Identity politics in South Africa has always been a contentious issue. This is largely attributed to the history of oppression in this country. The Apartheid government intentionally separated “coloured” people from “black African” people. The legacy of this division is still alive in the fabric of our society despite black consciousness activists like Steve Biko fighting to undo this destructive and divisive thinking.
In my opinion, coloured people are always fighting two main battles: the battle against the coloured stereotype and the battle to be coloured and not black. So when I first came across the mini web series called Coloured Mentality, I was intrigued.
Coloured Mentality lacks nuance
As so-called coloured people we don’t talk enough about our identity and heritage. We get told stories of the Khoi, the San, slavery, the forced removals in District Six and Die Vlakte, Tweede Nuwejaar, the Klopse, Koesisters, pickled fish, and the bads (public pools). But nothing really about our history of being.
So naturally, anything that gets the coloured folks talking about it should be good. However, I was left a bit disappointed in Coloured Mentality. I don’t quite get what the authors of the web series are trying to do.

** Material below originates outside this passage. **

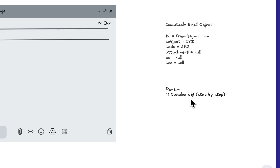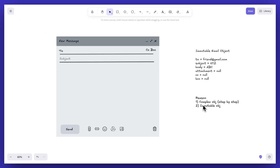I'll make you understand complex objects and the step-by-step approach in the code section. The second reason is whenever you need to create an immutable object, you can also use the builder design pattern. The main reason is the first point — creating a complex object step by step — and the second reason is optional. In our case, the email object is immutable, so we'll use builder design pattern for immutable objects as well.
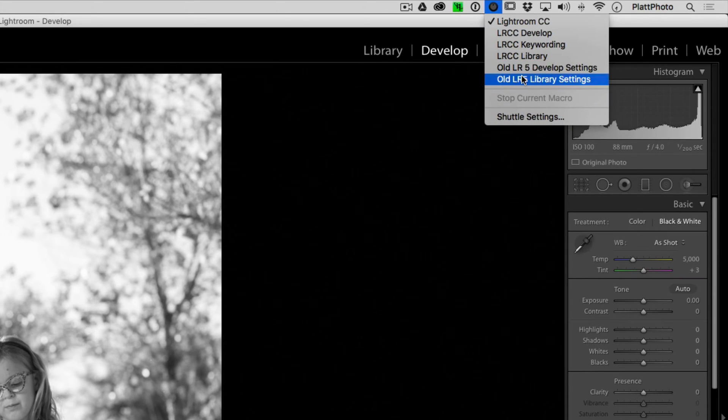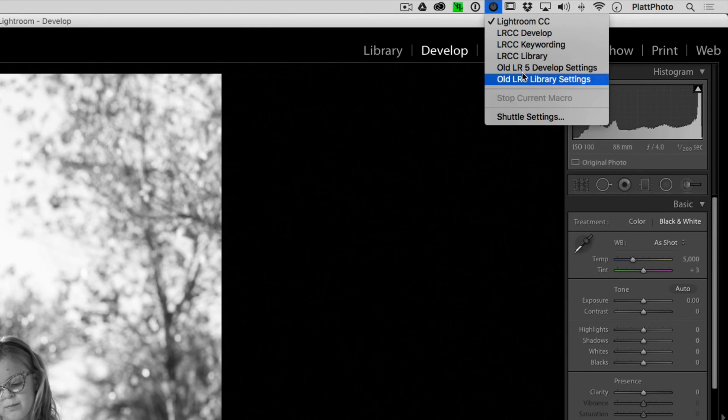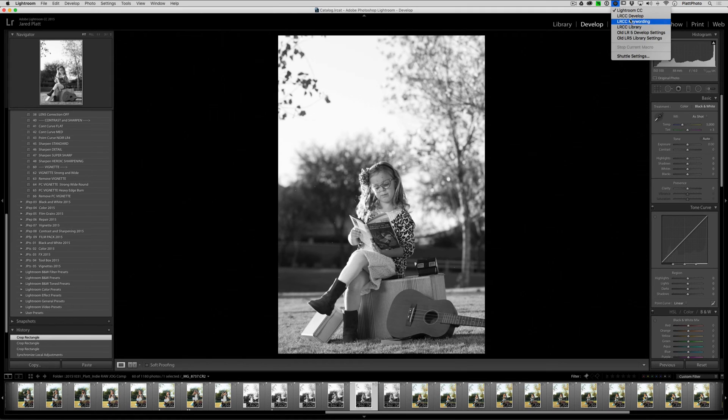Occasionally, because Lightroom tends to change one or two of its hotkeys every time it increases in number, you might find that one or two of your settings don't work anymore if you use the old ones. If that's the case, I suggest updating to the new ones.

If it is trying to uncover the “mentality” of so-called coloured people, then that sort of makes sense. I can work with that.
But if not, what are they trying to do? What are they trying to prove? To be quite honest, I think the web series lacks nuance. It lacks a certain depth of exploring identities. It’s somewhat of a cocktail of the two battles I mentioned earlier.
Coloured people have an obsession with not being black, as if being black is something that is dirty, ugly, and leaves a bad taste in one’s mouth. They would like being called anything but black. This thinking is the product of racial classification – the proximity to whiteness phenomenon. Within most coloured communities, light-skinned coloured people with straight hair and blue/green eyes are put on a pedestal. They are praised for their “caucasian features”.
In my opinion, coloured or being coloured is not a racial classification. The Apartheid government only did that to divide and conquer and we perpetuate the division by our insistent denial of blackness. You are either Black or White.
Coloured people and their identities within blackness
Coloured is black culture. Just like Xhosa, Zulu, Tswana, Pedi, being coloured is no different. But many South Africans fail to understand this. The reason for this, I think, is that coloured people were never given the opportunity to explore and celebrate their identities within blackness because of the racial proximity to whiteness and a possible resentment by black people.
Therefore, coloured people were forced into two categories: you were either gham (ghetto) or trying to be white, and therefore thought you were better than black people. Better because white people liked you. They employed you. But they kept you at arm’s length. They wouldn’t invite you to socialise at a dinner party or a braai, wouldn’t want their kids to go to school with yours, and complained about sharing beaches and parks.
This mentality is a tough space to get out of because there’s an illusion of it being better, and this is exacerbated by the so-called Oppression Olympics. Therefore, coloured people often feel stuck in the middle of race debates, also referred to as the zebra debate.
The Coloured Mentality episode “Is Afrikaans a White Language?” was my favourite. Language and culture are mutually inclusive and are fundamental to identity. I agree with most of the sentiments shared. Coloured people have struggled to own the language as the narrative has been dominated by white Afrikaans-speaking people for decades. I studied at Stellenbosch University, where Afrikaans enjoys a certain prestige above other languages. But this Afrikaans is the Afrikaans of Afrikanerdom not Afrikaaps that a majority of the coloured population speak. It’s time coloured people demand ownership of their language. Coloured Afrikaans speakers should no longer be used as the smokescreens for language policy debates at former white public institutions of higher learning.
My other critique of the web series is that it focuses largely on people of influence on radio, television and sports. This means that ordinary folks who identify as coloured only have the opportunity to engage with the material once it has already been published. In the sphere of identity politics, we know that people and opinions are easily influenced and swayed.
I think a greater effort could have been done to talk to the everyday coloured folk in the Cape Flats to get a holistic opinion on the subject matter. I expected the authors to do better. I came across a quote that is quite appropriate for this : “You don’t have to be a voice for the voiceless, just pass the mic.”